Nope, I would suggest that "还“ only shows courtesy of the speaker.
Sometimes it is used when the speaker caused other inconvinience in addition to the one being mentioned.


----------



## yuechu

Thanks, bsbaby! It looks like there are a lot of nuances depending on where the word "了" is placed!


----------



## BODYholic

baosheng said:


> 大家好！
> 
> Today I heard the following sentences on TV: "不好意思。还让你等半天". Personally, I would add a 了 at the end of the second sentence, but I'm not sure whether it changes the meaning or not.
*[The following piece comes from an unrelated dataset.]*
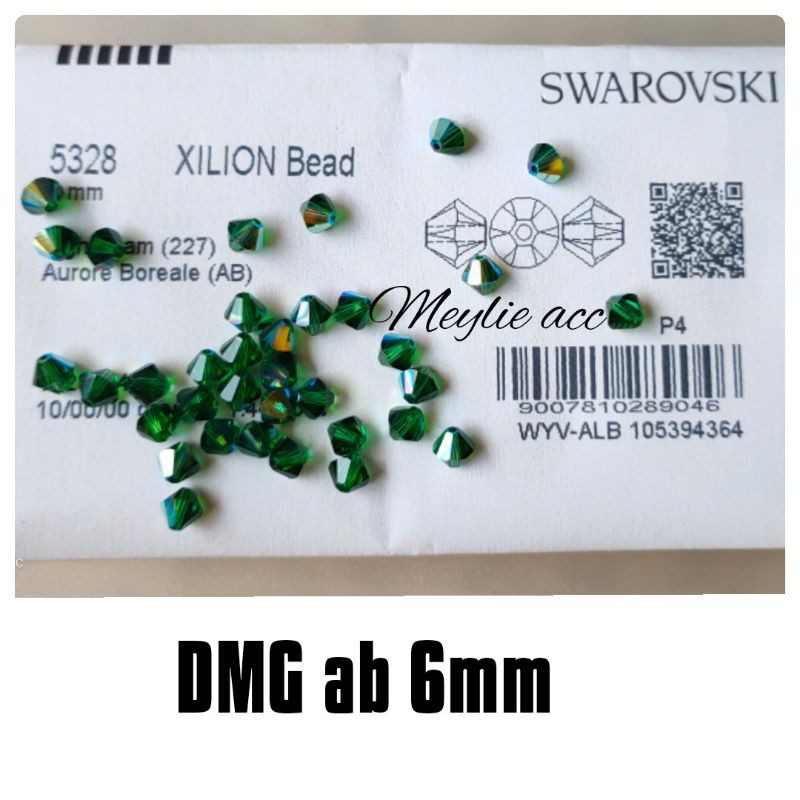Swarovski Bicone  beads 6mm kerucut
Is there a difference between “不好意思。还让你等半天" and "不好意思。还让你等半天了"? (are they both correct?)
> Thanks!



If I understand you correctly, you were under the impression that since the waiting is over. Hence, it is only rightful to add "了" to mark the change in state of "等". But on a closer look, "不好意思。还让你等半天" is a verb phrase where the head is 让, not 等. In this case, the proper way of changing the aspect of "等" is to insert "了" right after. And we get "不好意思。还让你等了半天".

真不好意思，叫你来，还让你等半天。
真不好意思，叫你来，还让你等了半天。
真不好意思，叫你来，还害你等了半天。

xxx
昨天你爽约，害我等了大半天。
昨天你爽约，害我等大半天了。


----------



## bsbaby

baosheng said:


> Thanks, bsbaby! It looks like there are a lot of nuances depending on where the word "了" is placed!


Yes you are correct.
And the nuanced meaning will depend on gestures and tone.


----------



## Peiyang

You must lost some important context.
By the way, 。 should be ，here.


----------